I, like most of you, have a list of blogs I like to read regularly. Two of my favorites are sectionhiker, by a fellow hiker from the Boston area named Philip Werner (on the boards he goes by Earlylite), and Ozark Highlands of Missouri, by an ecologist named Allison Vaughn. A few months ago Earlylite posted an entry about a book he had read called Reading the Forested Landscape: A Natural History of New England. I haven't read the book but it sounds facinating. Often as I'm hiking in the Ozarks I will look around at the forest and wonder "what happened here? why does it look different than it did a few miles back?" By reading Allison's blog I'm learning more about the ecology of the Ozarks and I'm learning to understand what I see better.
Here's a sight that I often see along the trail. A fallen forest giant that has had it's very roots ripped out of the ground.
This was a pretty common sight on my Middle Fork section hike. In fact in that post I showed a picture of my camp that just showed my bivy and tarp. But zooming back a bit you see that I was camped right next to one of these fallen giants.
In fact I was in between two of them. Here was the view looking out from my camp.
Natalie and I saw lots of fallen trees on our Buford Mountain hike also. At first I didn't know what to make of it. But after reading Allison's blog recently it hit me.
Here in Missouri (and all over the Midwest really) we occasionally have winter ice storms. An ice storm is where rain falls and freezes immediately on the first object it touches. The ice build up on limbs can be pretty heavy. In the city that means power outages. But within a few days the repairmen have come with chainsaws to remove the fallen limbs and trees and fix the lines. In the forest the trees just stay where they fall.
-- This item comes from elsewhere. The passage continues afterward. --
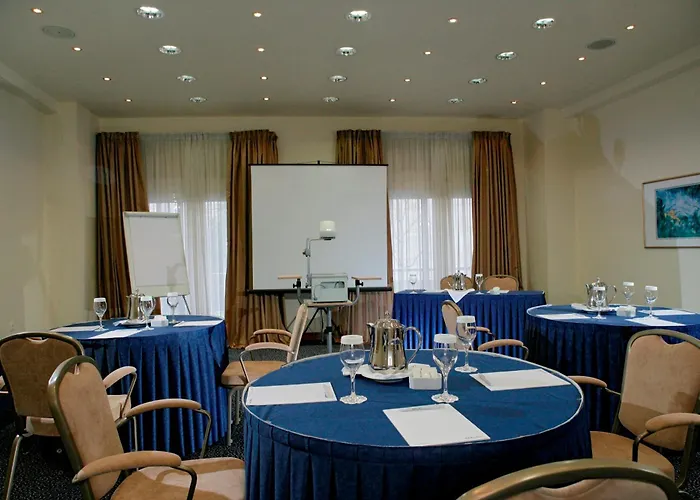 By Ihg Hotel Tessalónica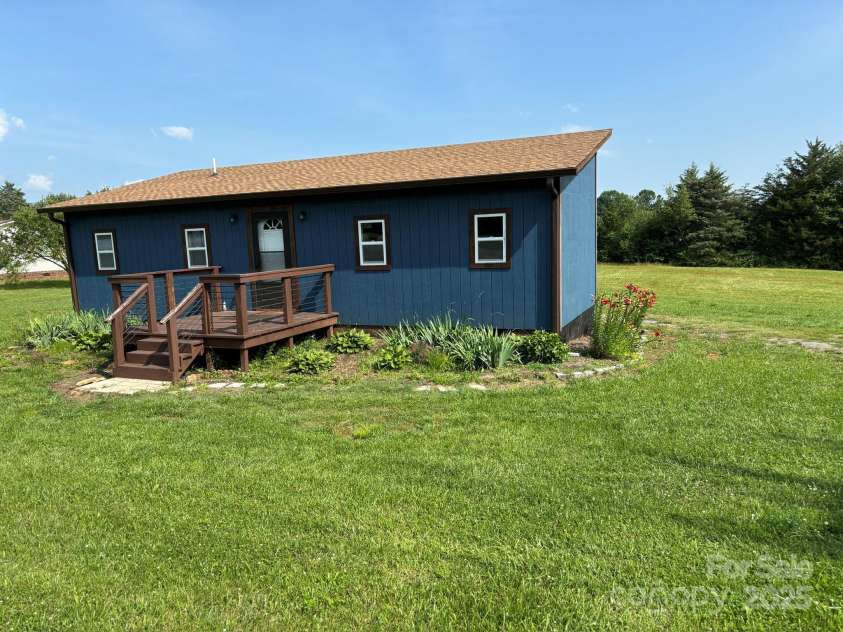 490 County Line Road, Stony Point, NC 28678.  MLS# CAR4268362, YatesRealty ID 23187.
I think that's what has happened in these pictures. That would explain why it's the biggest trees that fell (even though they appeared to be healthy and not diseased). They tower over their neighbors and so collect the most ice. Then, if they are leaning slightly, that weight uses the long trunk of the tree as a lever and rips the roots out of the ground. That's how the forest removes the tall trees and makes room for new ones.
There's one more thing I wonder about though. Often these trees fall across the trail and then the trail maintainer comes through and cuts a chunk out of the fallen trunk so a hiker can get through. Often the trunk is hollow at the time. At least I guess this must be true because these cuts don't look very old.
I wonder what this means. Are all tree trunks hollow? Or does this indicate some weakening of the tree due to age or disease? I still have lots to learn about the forest before I really understand what I'm seeing.